Thirty years ago, the Orioles learned it the hard way. And, on the thirtieth anniversary of the final loss of that 0-21 season-opening streak, MLB Network broadcast The Other Streak. In which they commemorated (if that's the appropriate word) the Orioles' streak and actually got some of the participants — including Hall of Famer Cal Ripken, Jr. — to reflect and remember what they might prefer to forget.
Some might think there's a touch of cruelty involved in the showing. Today's Orioles were 7-20 pending the outcome of their game against the Tigers on The Other Streak day; they'd split the first two of a three-game set. This year's edition isn't quite in the same condition as their 1988 forebears. They had losing streaks of five, two, six, and five entering last Sunday's action. They're not talented enough to have gone 21 straight without a win.
The '88 Orioles weren't the '03 Tigers who threatened but didn't quite equal or pass the 1962 Mets' 120 season losses. About the only thing the '03 Tigers had in common with the '88 Orioles was being managed by a franchise icon.
Alan Trammell was stuck from the '03 opening bell to the final curtain. Cal Ripken, Sr. escaped with his life early enough. He was canned after the first six losses. That might have left his two sons who played on the team a little infuriated but holding their tongues, but now it seems like a mercy killing. Another Oriole icon, Frank Robinson, took over, presided over the final 15 losses, then rode the rest of the sorry season out.
The '88 Orioles weren't even those '62 Mets, who opened with a measly nine-game losing streak.

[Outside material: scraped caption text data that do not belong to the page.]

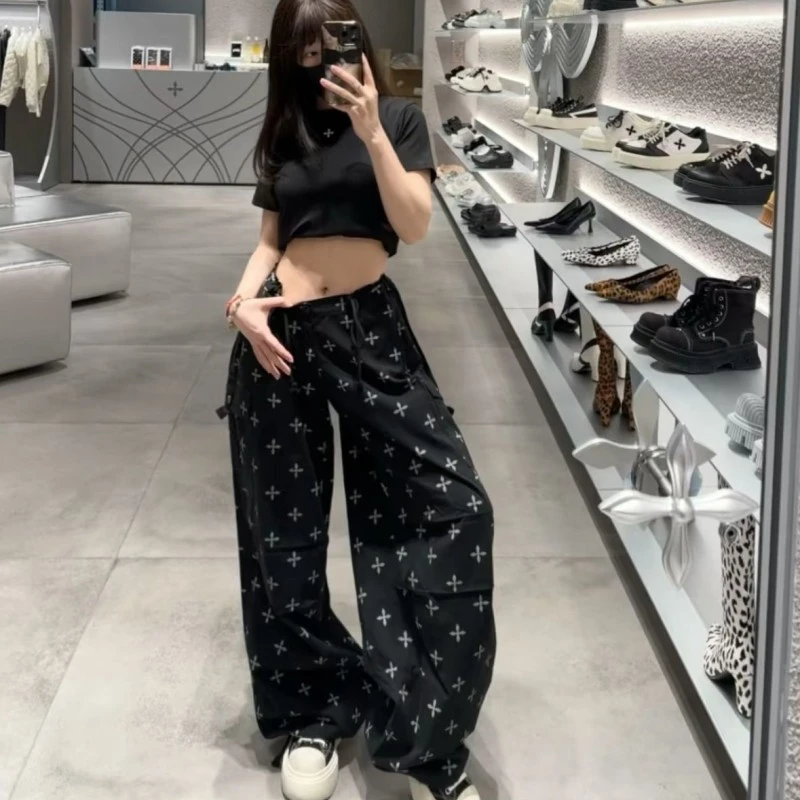 黑花园狩猎伞兵裤黑色满印花工装裤扎染运动休闲裤25年春夏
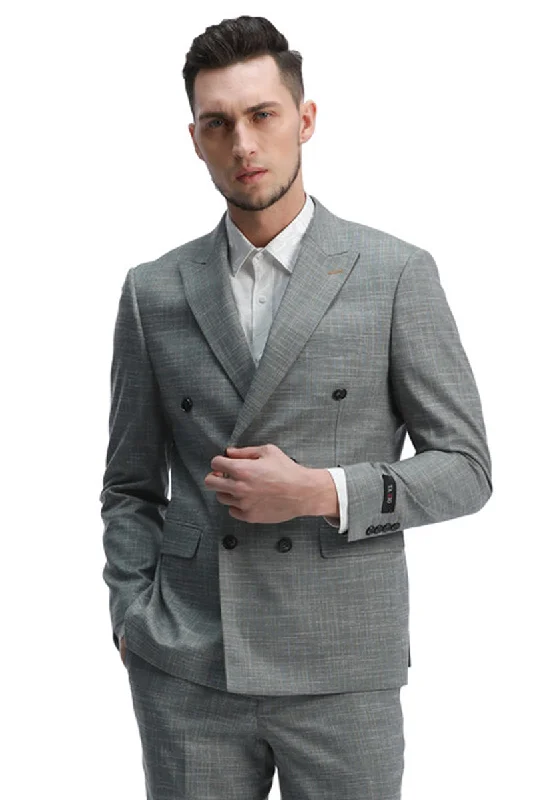 Men's Slim Fit Double Breasted Summer Sharkskin Suit in Mint Green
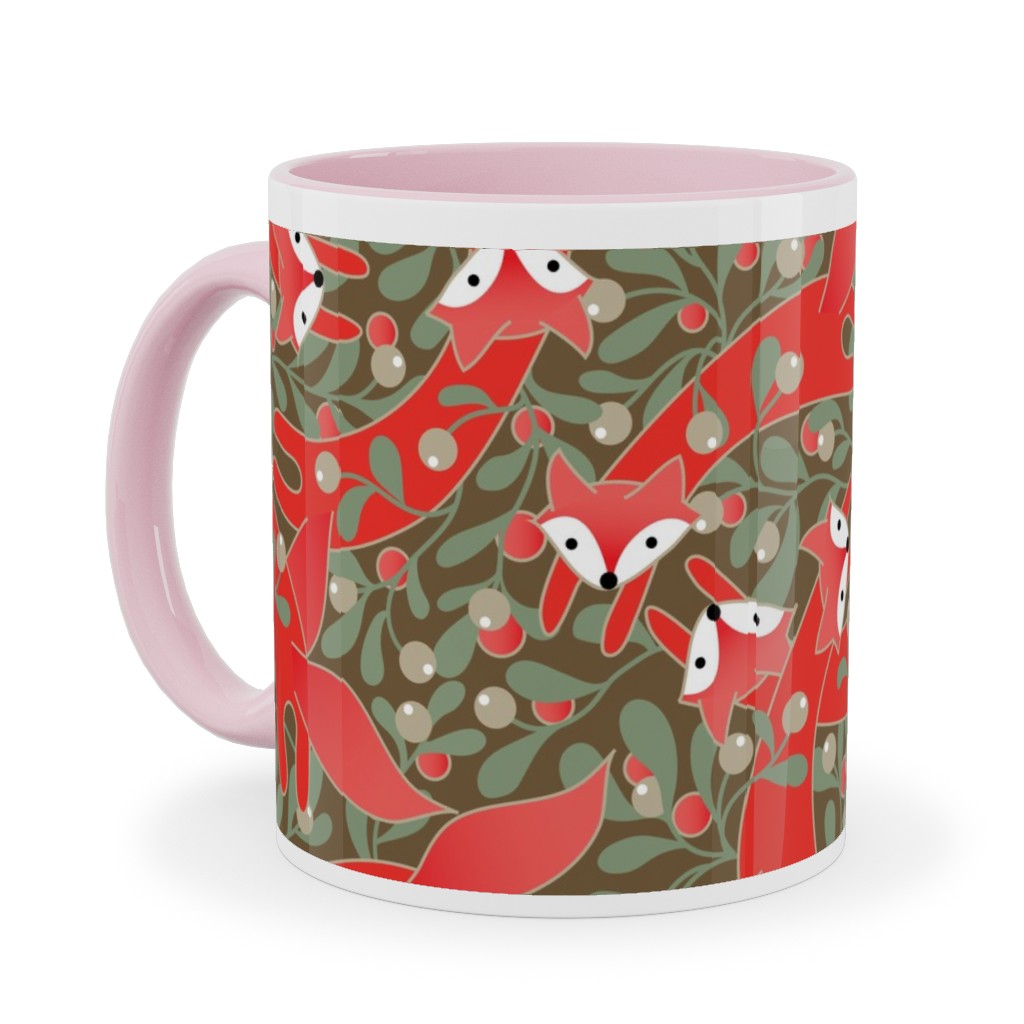 Red Fox Mistletoe Ceramic Mug, Pink,  , 11oz, Red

The Original Mets became baseball's version of the Ringling Brothers and Barnum & Bailey Circus — with Casey Stengel as the hapless ringmaster.
The tigers and lions never showed up, but somehow Abbott & Costello were the usual the battery, the Marx Brothers covered the infield, the Three Stooges held the outfield, the Keystone Kops came off the bench, the Harlem Globetrotters came out of the bullpen, Charlie Chaplin coached first, and Buster Keaton coached third. Maybe Milton Berle was the bullpen coach. (Rumor has it that Red Skelton was the bench coach.)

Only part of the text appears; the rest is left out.